You can use the AWSSupport-ExecuteEC2Rescue document to troubleshoot and potentially remediate different types of operating system (OS) issues. See the following topics for a complete list:

Windows: See Rescue Action in Using EC2Rescue for Windows Server with the Command Line.

Linux: Some EC2Rescue for Linux modules detect and attempt to remediate issues. For more information, see the aws-ec2rescue-linux documentation for each module on GitHub.

How it works

Troubleshooting an instance with Automation and the AWSSupport-ExecuteEC2Rescue document works as follows:

  • You specify the ID of the unreachable instance and run the Automation workflow.

  • The system creates a temporary VPC, and then runs a series of Lambda functions to configure the VPC.

  • The system identifies a subnet for your temporary VPC in the same Availability Zone as your original instance.

  • The system launches a temporary, SSM-enabled helper instance.

  • The system stops your original instance, and creates a backup. It then attaches the original root volume to the helper instance.

  • The system uses Run Command to run EC2Rescue on the helper instance. EC2Rescue identifies and attempts to fix issues on the attached, original root volume. When finished, EC2Rescue reattaches the root volume back to the original instance.

  • The system restarts your original instance, and terminates the temporary instance. The system also terminates the temporary VPC and the Lambda functions created at the start of the automation.

Before you begin

Before you run the following Automation, do the following:

  • Copy the instance ID of the unreachable instance. You will specify this ID in the procedure.

  • Optionally, collect the ID of a subnet in the same availability zone as your unreachable instance. The EC2Rescue instance will be created in this subnet. If you don’t specify a subnet, then Automation creates a new temporary VPC in your AWS account. Verify that your AWS account has at least one VPC available. By default, you can create five VPCs in a Region. If you already created five VPCs in the Region, the automation fails without making changes to your instance. For more information about Amazon VPC quotas, see VPC and Subnets in the Amazon VPC User Guide.

  • Optionally, you can create and specify an AWS Identity and Access Management (IAM) role for Automation.
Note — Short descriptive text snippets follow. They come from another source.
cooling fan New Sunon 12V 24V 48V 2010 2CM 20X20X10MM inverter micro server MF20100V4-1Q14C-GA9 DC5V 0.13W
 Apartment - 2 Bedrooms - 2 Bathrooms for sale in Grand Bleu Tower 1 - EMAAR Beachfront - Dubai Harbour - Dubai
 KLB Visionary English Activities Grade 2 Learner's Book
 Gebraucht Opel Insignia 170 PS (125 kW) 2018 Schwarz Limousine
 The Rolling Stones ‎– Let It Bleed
If you don't specify this role, then Automation runs in the context of the user who ran the automation. For more information about creating roles for Automation, see Running an automation by using an IAM service role.

Granting AWSSupport-EC2Rescue permissions to perform actions on your instances

EC2Rescue needs permission to perform a series of actions on your instances during the Automation execution. These actions invoke the AWS Lambda, IAM, and Amazon EC2 services to safely and securely attempt to remediate issues with your instances. If you have Administrator-level permissions in your AWS account and/or VPC, you might be able to run the automation without configuring permissions, as described in this section. If you don't have Administrator-level permissions, then you or an administrator must configure permissions by using one of the following options.

Granting permissions by using IAM policies

You can either attach the following IAM policy to your IAM user account, group, or role as an inline policy; or, you can create a new IAM managed policy and attach it to your user account, group, or role. For more information about adding an inline policy to your user account, group, or role see Working With Inline Policies. For more information about creating a new managed policy, see Working With Managed Policies.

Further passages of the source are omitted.